In practice, most clients default to Blind Trust Before Verification (BTBV): they automatically trust all of a contact's keys until you manually verify one, after which new unverified keys are flagged. This is the same trust-on-first-use compromise that pervades usable cryptography — it trades a window of vulnerability for adoption, on the bet that an attacker is unlikely to be man-in-the-middling your very first exchange. It is a reasonable default, but it is a default, and high-risk users should verify fingerprints explicitly.

What OMEMO Does Not Encrypt

OMEMO protects message bodies and, in its current versions, file transfers and other stanza payloads. It does not hide metadata. Your XMPP server still sees who you talk to, when, how often, and from which devices. Federation makes this worse in one sense — your conversation's metadata is visible to both participants' servers.

Versions matter here, too. The original OMEMO used AES in a mode that did not authenticate the full ciphertext envelope cleanly; the newer revision (the "OMEMO 2" line, XEP-0384 version 0.4+ with Stanza Content Encryption) tightened the construction and improved what gets encrypted. Two clients only get OMEMO's full guarantees if they implement compatible versions — an interoperability seam that federation makes unavoidable.

Property	OpenPGP/XMPP	OTR	OMEMO
Forward secrecy	No	Yes	Yes
Offline delivery	Yes	No	Yes
Multi-device	Manual	No	Yes
Hides metadata	No	No	No

OMEMO Versus the Group Problem

OMEMO handles groups by treating them as encrypt-to-many: a group message is encrypted to every member's every device. This works, but it scales linearly and lacks the cryptographic group-state machinery of a protocol designed for groups from the start. The newer MLS standard (RFC 9420) uses a tree-based key schedule that makes membership changes efficient and gives the whole group consistent, forward-secret state — a structurally cleaner answer to large groups than fan-out encryption.

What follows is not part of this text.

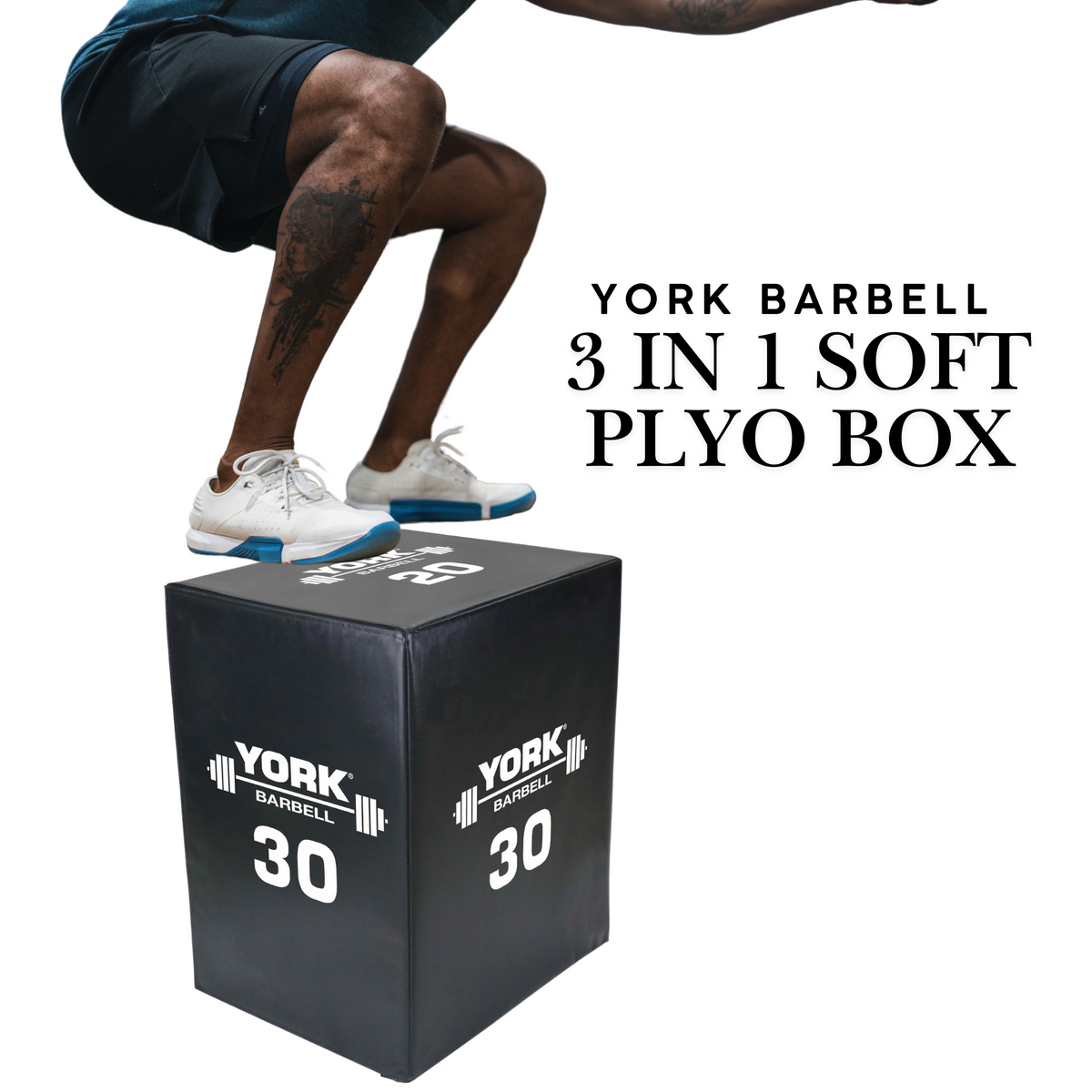 York Barbell 3 in 1 Soft Plyo Box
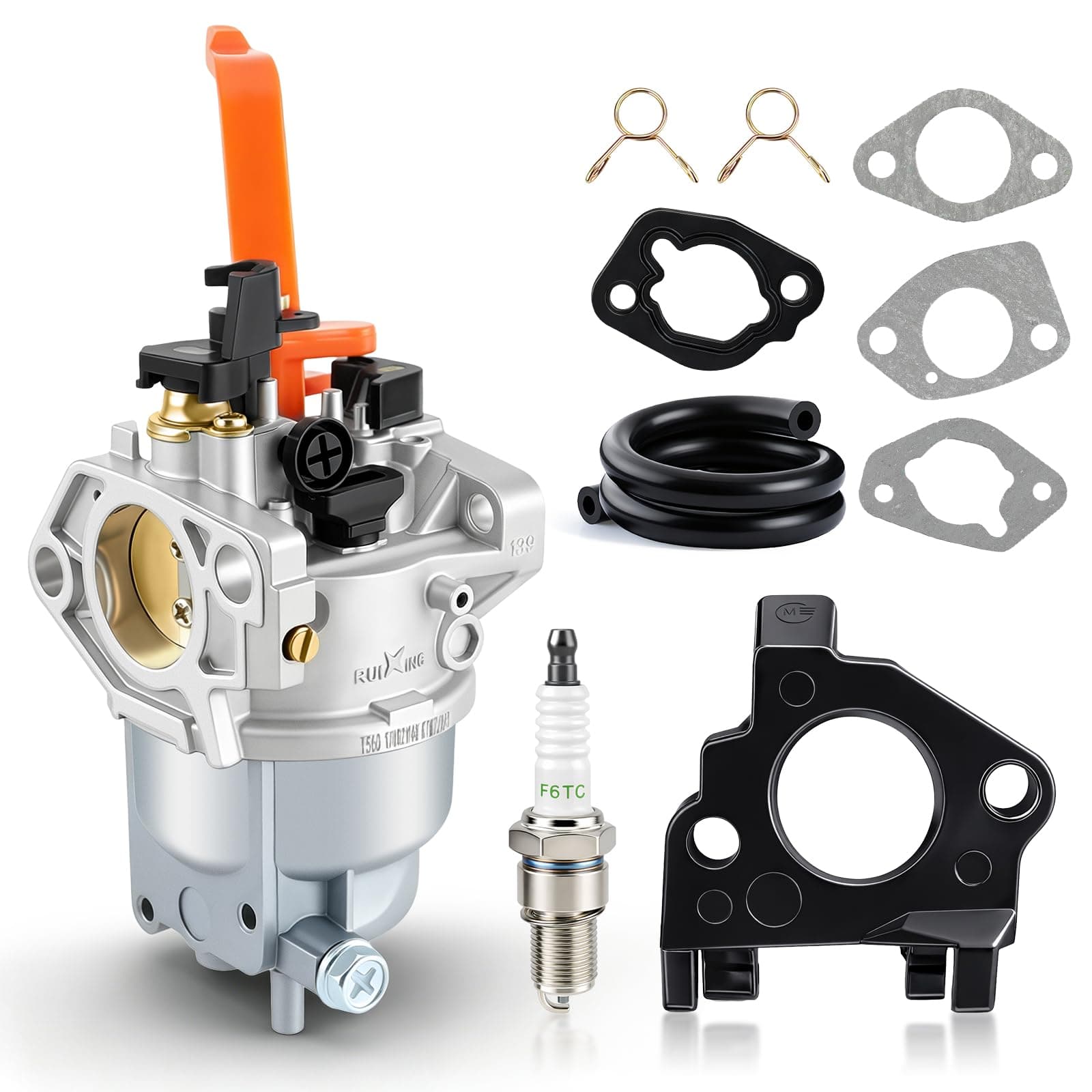 Ruixing GP5500 Carburetor for Generac GP6500 GP7500 GP7500E GP8000E Generator, Replace# 0J58620157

OMEMO's achievement was never novelty — it was bringing a proven ratchet to an open, federated network that vendor-controlled apps had quietly left behind.

Where This Leaves You

OMEMO is a genuine success story: a volunteer-driven standard that gave a 25-year-old open protocol the same confidentiality guarantees as the big commercial messengers, without a central gatekeeper. If you value XMPP's federation and self-hostability, OMEMO is the right encryption layer to insist on, and verifying fingerprints closes its main practical gap.

But "the message body is encrypted" is only one axis of a threat model. Metadata exposure, group scaling, and version fragmentation are real. At Haven we made a different bet — a single identity spanning encrypted email and MLS-based group chat in one app — precisely so the protocol seams don't land on the user. OMEMO and Haven answer the same question with different priorities; the honest move is to match the tool to the threat model you actually have.